Ton musée sur ton quai, sur ta Meuse en briques rouges et ton île devant le Mt Olympe, que tu gravis vraiment le dimanche.
Un jeune garçon m'a regardé intrigué avec ma machine sur trépied, comme sortant de son mortel ennui, où dort la ville froide avec ses guirlandes de Noël. Il avait un beau visage et un sourire intérieur et je n'ai pas osé l'interpeller, de peur d'instaurer l'ambiguité, ce que le sex shop à quelques pas de là rappelait au passant : fermé le dimanche quand s'ouvre la messe.
La gardienne du musée m'a dit que "tu aurais été plus heureux dans notre époque" ; plus joyeux que ce sinistre dix-neuvième ?... Pas sûr que ta révolte se soit éteinte au feu de la modernité... Pas sûr que les interdits levés t'aient permis de te brûler au feu des joies faciles.

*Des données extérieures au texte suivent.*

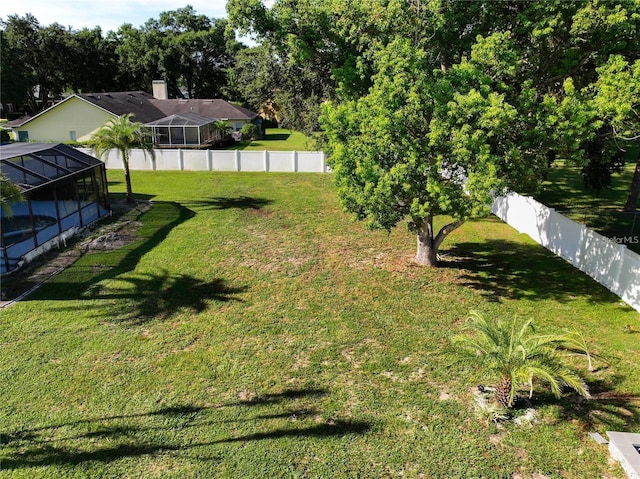 view of yard featuring glass enclosure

J'ai vu à travers tes yeux, ce que je voyais à travers les miens, à travers ta fenêtre : "ma" fenêtre sur mon passé, et c'est bien le rôle du poète que de lancer des ponts dans la mémoire de ceux qui le suivent.
Déambulation : "Place du sépulcre" à la bibliothèque à côté de ton école, où tu agonisais lentement sur les pages des livres, de cette vie mortelle qui chaque jour au lever te saisissait et te faisait éclater les limites de l'espace.

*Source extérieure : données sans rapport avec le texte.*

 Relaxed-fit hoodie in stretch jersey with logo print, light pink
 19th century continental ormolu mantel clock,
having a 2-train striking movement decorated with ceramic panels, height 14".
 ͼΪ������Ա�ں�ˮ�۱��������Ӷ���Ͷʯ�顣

On ne raconte pas l'imaginaire, on le déroule comme le serpentin du plaisir et on ne peut s'en emparer tant il file en amont. Ce sont des images, des mots, des climats dans la nue emportés qui nourrissent l'espérance et la volonté.
On ne raconte pas la bière belge avalée dans la solitude, avant de chercher la maison où tu es né. Pas moyen de la trouver, ni ton buste sur la place de la gare, envolé... Quoi l'éternité ?
Bien présent dans le marbre du lendemain, à l'aube poisseuse, ton effigie, je ne l'avais pas remarquée, tellement sous mes yeux.
"Rue Forest" : tu revenais de classe avec tes camarades, un réverbère blafard scandait tes pas rapides, au dessus flottaient tes pantalons courts aux genoux rouges.
Maintenant tu intègres les murs, tu en fais partie, on te croise à chaque oubli ; c'est comme si la sous-préfecture s'était réveillée avec toi dans les draps de l'ouverture, et qu'un soleil brumeux venait enfin frapper les rues indisposées. On raconte ici que tu ne t'échapperas plus, que ta soif d'évasion s'est calmée, que tes regrets ont pourri, définitifs sur le sol d'automne, et que ton cadavre flotte diaphane au dessus de la ville.
Arthur, j'ai vu ton corps hanter ces rues, comme la sueur des murs, les humeurs de la Meuse, ton Musée refroidi, ta maison d'ici et maintenant, tous piégés dans les stèles commémoratives, de cette cire qui englue les mémoires.
Tu es inscrit dans l'histoire désormais, avec acte de décès, de renaissance, et de présence à la clé, tous passés, laminés en revue, ici est vécu et vivra : Charleville-Rimbaud.